Zhang Ruimao, Lin Liang, Wang Guangrun, Wang Meng, Zuo Wangmeng
IEEE Trans Pattern Anal Mach Intell. 2019 Mar;41(3):596-610. doi: 10.1109/TPAMI.2018.2799846. Epub 2018 Jan 30.
This paper investigates a fundamental problem of scene understanding: how to parse a scene image into a structured configuration (i.e., a semantic object hierarchy with object interaction relations). We propose a deep architecture consisting of two networks: i) a convolutional neural network (CNN) extracting the image representation for pixel-wise object labeling and ii) a recursive neural network (RsNN) discovering the hierarchical object structure and the inter-object relations. Rather than relying on elaborative annotations (e.g., manually labeled semantic maps and relations), we train our deep model in a weakly-supervised learning manner by leveraging the descriptive sentences of the training images. Specifically, we decompose each sentence into a semantic tree consisting of nouns and verb phrases, and apply these tree structures to discover the configurations of the training images. Once these scene configurations are determined, then the parameters of both the CNN and RsNN are updated accordingly by back propagation. The entire model training is accomplished through an Expectation-Maximization method. Extensive experiments show that our model is capable of producing meaningful scene configurations and achieving more favorable scene labeling results on two benchmarks (i.e., PASCAL VOC 2012 and SYSU-Scenes) compared with other state-of-the-art weakly-supervised deep learning methods. In particular, SYSU-Scenes contains more than 5,000 scene images with their semantic sentence descriptions, which is created by us for advancing research on scene parsing.

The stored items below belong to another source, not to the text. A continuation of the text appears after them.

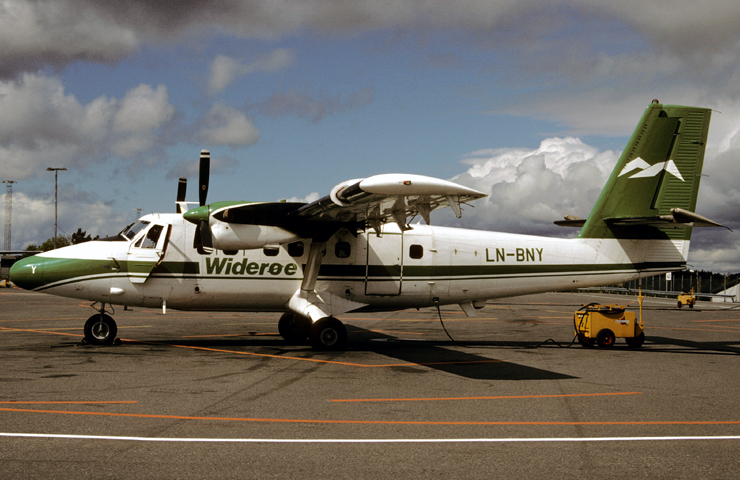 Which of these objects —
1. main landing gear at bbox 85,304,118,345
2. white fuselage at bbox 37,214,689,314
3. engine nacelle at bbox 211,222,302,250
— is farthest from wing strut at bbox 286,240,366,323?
main landing gear at bbox 85,304,118,345

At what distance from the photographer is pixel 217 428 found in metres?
7.00

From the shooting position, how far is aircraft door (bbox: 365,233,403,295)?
16.0 m

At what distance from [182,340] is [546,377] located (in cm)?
1029

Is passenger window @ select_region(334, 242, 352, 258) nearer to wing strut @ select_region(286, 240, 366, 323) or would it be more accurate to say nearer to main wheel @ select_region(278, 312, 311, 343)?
wing strut @ select_region(286, 240, 366, 323)

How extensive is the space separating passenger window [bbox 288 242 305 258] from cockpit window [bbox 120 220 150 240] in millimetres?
3838

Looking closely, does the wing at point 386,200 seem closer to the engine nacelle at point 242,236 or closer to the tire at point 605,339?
the engine nacelle at point 242,236

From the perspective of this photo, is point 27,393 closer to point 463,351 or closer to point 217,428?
point 217,428

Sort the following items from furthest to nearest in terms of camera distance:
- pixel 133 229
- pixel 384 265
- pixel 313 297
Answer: pixel 384 265
pixel 313 297
pixel 133 229

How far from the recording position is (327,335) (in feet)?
48.9

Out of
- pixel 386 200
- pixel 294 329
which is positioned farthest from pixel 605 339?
pixel 294 329

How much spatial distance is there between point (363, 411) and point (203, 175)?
9.62 meters

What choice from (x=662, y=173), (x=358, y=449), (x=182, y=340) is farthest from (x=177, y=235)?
(x=662, y=173)

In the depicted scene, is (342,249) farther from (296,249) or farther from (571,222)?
(571,222)

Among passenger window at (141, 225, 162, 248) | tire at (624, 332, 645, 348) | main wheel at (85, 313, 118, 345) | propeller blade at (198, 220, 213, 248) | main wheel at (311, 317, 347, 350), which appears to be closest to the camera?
propeller blade at (198, 220, 213, 248) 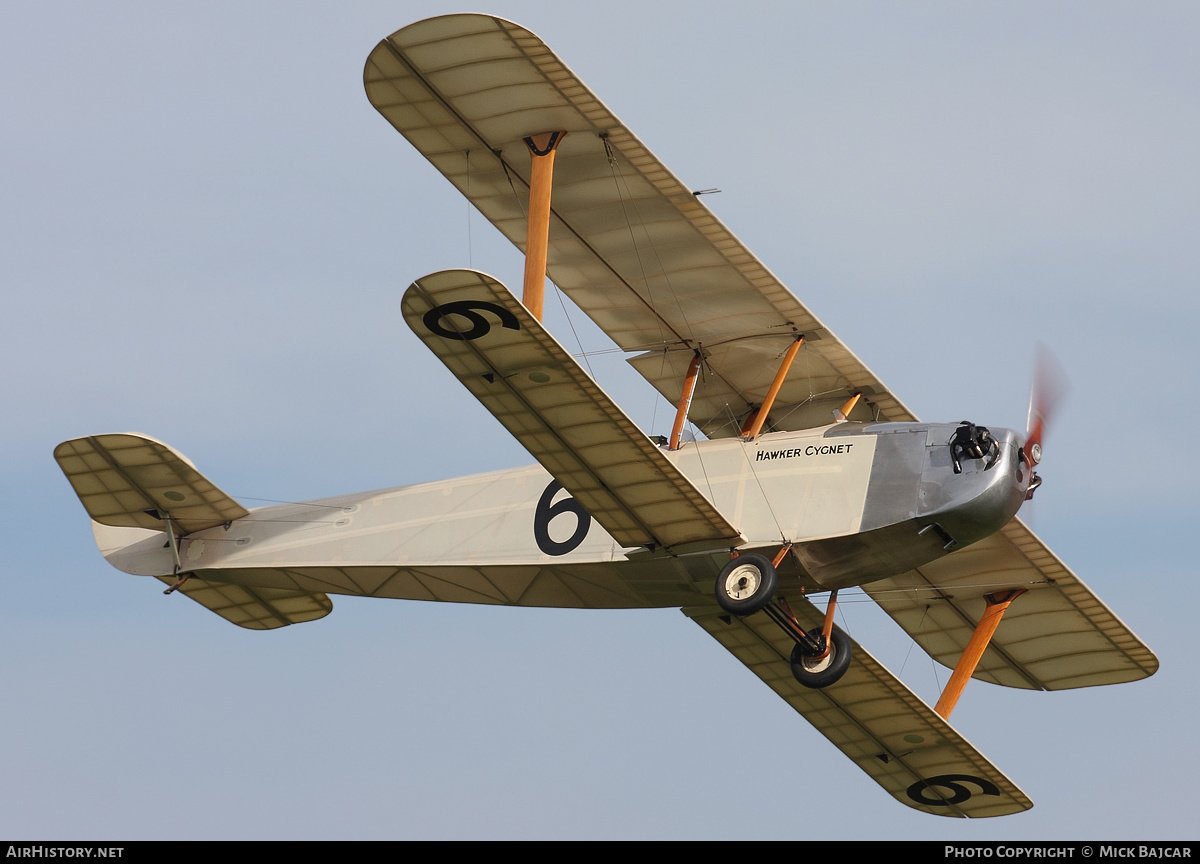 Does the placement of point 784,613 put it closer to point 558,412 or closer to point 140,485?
point 558,412

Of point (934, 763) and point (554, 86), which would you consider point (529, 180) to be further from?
point (934, 763)

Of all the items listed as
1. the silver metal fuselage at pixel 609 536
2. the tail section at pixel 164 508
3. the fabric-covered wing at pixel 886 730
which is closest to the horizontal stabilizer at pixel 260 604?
the tail section at pixel 164 508

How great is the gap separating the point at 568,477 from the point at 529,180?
3251mm

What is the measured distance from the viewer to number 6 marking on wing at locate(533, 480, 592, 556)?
15.7 m

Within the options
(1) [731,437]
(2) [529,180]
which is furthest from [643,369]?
(2) [529,180]

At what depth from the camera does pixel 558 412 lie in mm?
13742

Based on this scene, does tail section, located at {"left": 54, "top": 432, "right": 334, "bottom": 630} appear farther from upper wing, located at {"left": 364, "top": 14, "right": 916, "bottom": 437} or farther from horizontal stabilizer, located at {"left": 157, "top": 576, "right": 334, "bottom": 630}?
upper wing, located at {"left": 364, "top": 14, "right": 916, "bottom": 437}

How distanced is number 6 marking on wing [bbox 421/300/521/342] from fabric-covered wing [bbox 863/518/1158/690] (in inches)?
238

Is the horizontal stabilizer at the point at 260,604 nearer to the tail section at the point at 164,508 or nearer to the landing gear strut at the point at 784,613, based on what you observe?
the tail section at the point at 164,508

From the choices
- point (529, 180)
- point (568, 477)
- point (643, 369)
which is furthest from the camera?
point (643, 369)

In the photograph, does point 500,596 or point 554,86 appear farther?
point 500,596

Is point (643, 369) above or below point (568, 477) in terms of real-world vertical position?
above

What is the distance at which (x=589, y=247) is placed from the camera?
16.3 m

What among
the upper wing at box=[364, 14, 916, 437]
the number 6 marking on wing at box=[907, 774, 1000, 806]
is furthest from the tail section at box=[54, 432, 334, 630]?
the number 6 marking on wing at box=[907, 774, 1000, 806] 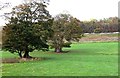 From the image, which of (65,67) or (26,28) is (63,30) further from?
(65,67)

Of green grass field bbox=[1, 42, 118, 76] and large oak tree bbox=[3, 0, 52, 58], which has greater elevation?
large oak tree bbox=[3, 0, 52, 58]

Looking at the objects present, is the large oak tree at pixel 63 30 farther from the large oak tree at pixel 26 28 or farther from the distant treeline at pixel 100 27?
the distant treeline at pixel 100 27

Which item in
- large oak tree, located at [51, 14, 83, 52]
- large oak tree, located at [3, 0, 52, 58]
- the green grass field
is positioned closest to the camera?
the green grass field

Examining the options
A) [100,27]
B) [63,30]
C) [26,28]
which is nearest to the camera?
[26,28]

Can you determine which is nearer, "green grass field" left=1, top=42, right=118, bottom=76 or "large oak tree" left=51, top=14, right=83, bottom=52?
"green grass field" left=1, top=42, right=118, bottom=76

如何将场景图像解析为结构化配置(即具有对象交互关系的语义对象层次结构)。我们提出了一种由两个网络组成的深度架构:i)一个卷积神经网络(CNN),用于提取图像表示以进行逐像素对象标注;ii)一个递归神经网络(RsNN),用于发现层次化对象结构和对象间关系。我们不是依赖详尽的注释(例如手动标注的语义图和关系),而是通过利用训练图像的描述性句子,以弱监督学习的方式训练我们的深度模型。具体来说,我们将每个句子分解为由名词和动词短语组成的语义树,并应用这些树结构来发现训练图像的配置。一旦确定了这些场景配置,那么CNN和RsNN的参数都会通过反向传播相应地更新。整个模型训练通过期望最大化方法完成。大量实验表明,与其他现有的弱监督深度学习方法相比,我们的模型能够生成有意义的场景配置,并在两个基准测试(即PASCAL VOC 2012和SYSU - Scenes)上取得更优的场景标注结果。特别是,SYSU - Scenes包含5000多张带有语义句子描述的场景图像,这是我们为推进场景解析研究而创建的。